**Task details**
Below are the entries. Transcribe exactly the lines from the one with "voor motor THERMOTEC" through the one with "Image of Simple", ends included, and leave out all others.

**Records provided**
---------------

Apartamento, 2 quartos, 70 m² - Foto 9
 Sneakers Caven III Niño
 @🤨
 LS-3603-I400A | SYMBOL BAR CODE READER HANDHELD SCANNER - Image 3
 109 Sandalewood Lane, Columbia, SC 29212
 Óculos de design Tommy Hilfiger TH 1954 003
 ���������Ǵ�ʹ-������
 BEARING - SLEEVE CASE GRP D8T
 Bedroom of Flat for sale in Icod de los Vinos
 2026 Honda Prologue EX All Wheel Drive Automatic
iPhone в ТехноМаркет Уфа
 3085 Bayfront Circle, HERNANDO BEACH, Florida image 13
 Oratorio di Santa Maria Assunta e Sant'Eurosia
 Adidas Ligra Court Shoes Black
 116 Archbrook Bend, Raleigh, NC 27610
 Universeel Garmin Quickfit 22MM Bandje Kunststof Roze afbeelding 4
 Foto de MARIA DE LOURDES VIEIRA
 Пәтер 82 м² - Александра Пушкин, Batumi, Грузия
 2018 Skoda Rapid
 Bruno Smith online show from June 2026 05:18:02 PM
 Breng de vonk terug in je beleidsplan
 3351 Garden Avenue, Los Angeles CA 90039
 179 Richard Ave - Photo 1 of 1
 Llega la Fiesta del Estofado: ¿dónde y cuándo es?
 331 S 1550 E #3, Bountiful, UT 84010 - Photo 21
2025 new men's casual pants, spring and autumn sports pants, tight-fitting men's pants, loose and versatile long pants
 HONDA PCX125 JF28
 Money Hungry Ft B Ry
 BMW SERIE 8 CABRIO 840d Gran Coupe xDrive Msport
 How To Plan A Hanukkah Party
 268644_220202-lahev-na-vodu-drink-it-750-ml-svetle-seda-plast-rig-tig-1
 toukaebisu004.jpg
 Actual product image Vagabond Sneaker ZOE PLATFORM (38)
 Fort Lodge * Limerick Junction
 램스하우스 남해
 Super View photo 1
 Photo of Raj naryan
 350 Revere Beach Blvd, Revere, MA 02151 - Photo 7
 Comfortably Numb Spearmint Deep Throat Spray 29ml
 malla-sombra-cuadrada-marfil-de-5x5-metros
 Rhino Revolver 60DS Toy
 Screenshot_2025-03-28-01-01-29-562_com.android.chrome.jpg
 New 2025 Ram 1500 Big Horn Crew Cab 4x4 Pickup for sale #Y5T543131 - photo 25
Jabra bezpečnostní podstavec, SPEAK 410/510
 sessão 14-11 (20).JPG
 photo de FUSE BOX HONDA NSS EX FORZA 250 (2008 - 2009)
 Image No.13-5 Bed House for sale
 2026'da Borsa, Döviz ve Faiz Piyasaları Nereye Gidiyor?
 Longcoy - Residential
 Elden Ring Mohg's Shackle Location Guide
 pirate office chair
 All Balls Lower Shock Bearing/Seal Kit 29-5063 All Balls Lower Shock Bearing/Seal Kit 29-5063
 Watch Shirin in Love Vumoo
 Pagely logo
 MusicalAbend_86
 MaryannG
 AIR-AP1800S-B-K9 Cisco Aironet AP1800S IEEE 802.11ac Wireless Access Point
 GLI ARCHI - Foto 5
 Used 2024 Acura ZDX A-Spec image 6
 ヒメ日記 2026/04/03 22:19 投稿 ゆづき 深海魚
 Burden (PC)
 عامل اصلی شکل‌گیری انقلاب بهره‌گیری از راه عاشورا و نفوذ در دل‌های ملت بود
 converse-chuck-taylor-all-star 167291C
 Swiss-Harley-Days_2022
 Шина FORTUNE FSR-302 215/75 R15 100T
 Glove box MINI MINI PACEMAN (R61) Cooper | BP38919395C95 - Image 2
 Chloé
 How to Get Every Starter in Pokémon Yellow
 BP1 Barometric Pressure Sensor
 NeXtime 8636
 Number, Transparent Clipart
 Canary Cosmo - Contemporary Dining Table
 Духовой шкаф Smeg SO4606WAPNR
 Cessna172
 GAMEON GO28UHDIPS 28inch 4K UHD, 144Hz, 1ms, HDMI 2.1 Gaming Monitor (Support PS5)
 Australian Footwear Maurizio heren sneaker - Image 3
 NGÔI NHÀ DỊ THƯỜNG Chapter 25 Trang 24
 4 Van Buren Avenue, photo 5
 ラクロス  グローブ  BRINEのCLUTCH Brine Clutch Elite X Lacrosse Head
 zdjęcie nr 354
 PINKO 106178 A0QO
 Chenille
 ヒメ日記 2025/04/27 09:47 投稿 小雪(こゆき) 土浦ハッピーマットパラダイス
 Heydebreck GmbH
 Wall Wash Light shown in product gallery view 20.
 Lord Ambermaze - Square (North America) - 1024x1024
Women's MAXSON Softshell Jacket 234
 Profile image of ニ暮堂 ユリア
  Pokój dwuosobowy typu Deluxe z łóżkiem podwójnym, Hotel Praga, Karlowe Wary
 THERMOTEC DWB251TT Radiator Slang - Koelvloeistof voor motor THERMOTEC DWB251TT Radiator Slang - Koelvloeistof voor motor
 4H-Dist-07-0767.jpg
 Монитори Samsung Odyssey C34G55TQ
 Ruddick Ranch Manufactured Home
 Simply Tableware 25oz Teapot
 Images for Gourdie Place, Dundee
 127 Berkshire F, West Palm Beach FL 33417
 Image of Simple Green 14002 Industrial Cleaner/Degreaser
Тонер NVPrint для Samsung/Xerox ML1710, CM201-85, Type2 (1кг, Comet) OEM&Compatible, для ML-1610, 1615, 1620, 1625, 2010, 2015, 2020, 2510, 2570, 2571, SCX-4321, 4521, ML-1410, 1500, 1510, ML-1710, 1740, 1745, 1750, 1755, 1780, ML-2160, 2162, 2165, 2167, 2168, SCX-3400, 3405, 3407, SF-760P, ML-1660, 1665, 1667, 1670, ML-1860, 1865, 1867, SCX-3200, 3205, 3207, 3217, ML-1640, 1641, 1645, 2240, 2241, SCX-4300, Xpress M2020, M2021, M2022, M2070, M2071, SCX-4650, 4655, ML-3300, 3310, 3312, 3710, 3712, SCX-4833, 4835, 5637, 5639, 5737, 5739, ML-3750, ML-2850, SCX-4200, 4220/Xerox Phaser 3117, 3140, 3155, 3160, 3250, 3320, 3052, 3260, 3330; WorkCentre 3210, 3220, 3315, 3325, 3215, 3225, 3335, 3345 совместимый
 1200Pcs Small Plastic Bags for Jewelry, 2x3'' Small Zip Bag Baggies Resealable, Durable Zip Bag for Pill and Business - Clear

---------------

**Solved exercise**
 THERMOTEC DWB251TT Radiator Slang - Koelvloeistof voor motor THERMOTEC DWB251TT Radiator Slang - Koelvloeistof voor motor
 4H-Dist-07-0767.jpg
 Монитори Samsung Odyssey C34G55TQ
 Ruddick Ranch Manufactured Home
 Simply Tableware 25oz Teapot
 Images for Gourdie Place, Dundee
 127 Berkshire F, West Palm Beach FL 33417
 Image of Simple Green 14002 Industrial Cleaner/Degreaser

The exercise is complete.